Ah, tablets. If a tablet was one of the characters in my sappy rom-com, it’d be the ‘one that got away’. To me, it was a novel idea where you could have your smartphone with you for the serious business stuff while your tablet showed you a good time between working hours — literally, with videos and movies or a good book — but when you actually think about it, the tablet simply isn’t practical.
If you take a look at the International Data Corporation’s (IDC) latest report on their preliminary data from the IDC Worldwide Quarterly Tablet Tracker, you’ll find the truth in my words as tablet sales are on a downward trajectory. That’s not to say it’s all doom and gloom though as their report also says that detachable tablet sales have reached an all-time high — lead by the sales of none other than the Apple iPad Pro.
Spearheading the detachable (or convertible/2-in-1) pack to finish at 8.1 million devices sold in Q4 of 2015 is Apple’s biggest iPad, the Pro, raking in just over 2 million units sold — more than Microsoft’s entire Surface lineup put together. That’s quite surprising if you ask me because we think that the Surface, especially the Pro 4 is a fantastic little 2-in-1 that can easily replace your laptop, at least for productivity anyway.

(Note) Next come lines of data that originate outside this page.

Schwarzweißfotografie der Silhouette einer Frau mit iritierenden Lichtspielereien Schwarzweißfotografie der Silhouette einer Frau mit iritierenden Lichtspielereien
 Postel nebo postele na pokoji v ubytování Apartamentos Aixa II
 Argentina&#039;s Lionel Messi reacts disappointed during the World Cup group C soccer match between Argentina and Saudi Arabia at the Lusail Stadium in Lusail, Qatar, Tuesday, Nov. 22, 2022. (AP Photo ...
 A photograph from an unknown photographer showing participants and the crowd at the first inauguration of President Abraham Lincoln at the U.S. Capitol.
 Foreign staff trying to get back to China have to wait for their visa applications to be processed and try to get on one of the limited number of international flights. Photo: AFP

On the other hand, if you look at reviews online, the iPad Pro is nothing more than a ginormous iPad with a flimsy looking rubber keyboard that has the word “Smart” in its name. Uh oh, am I “bashing” Apple again? Oops.
I guess I was wrong then if we’re going off sales figures because Microsoft only sold about 1.6 million Surface devices in the same quarter. That’s a gigantic gap especially if you consider how many Surface devices there are on the market versus the lone iPad Pro. Quite a feat then but it’s worth noting that this is only one quarter and we’ll have to see if the iPad Pro can keep this up over the coming quarters.
We can definitely see the appeal of a 2-in-1 because it brings the power of the laptop into the form-factor of a tablet. The emphasis is on power though as IDC’s findings reveal that of the Surface devices sold, more of them are of the pricier and more powerful Surface Pro line, as opposed to a more affordable Surface 3.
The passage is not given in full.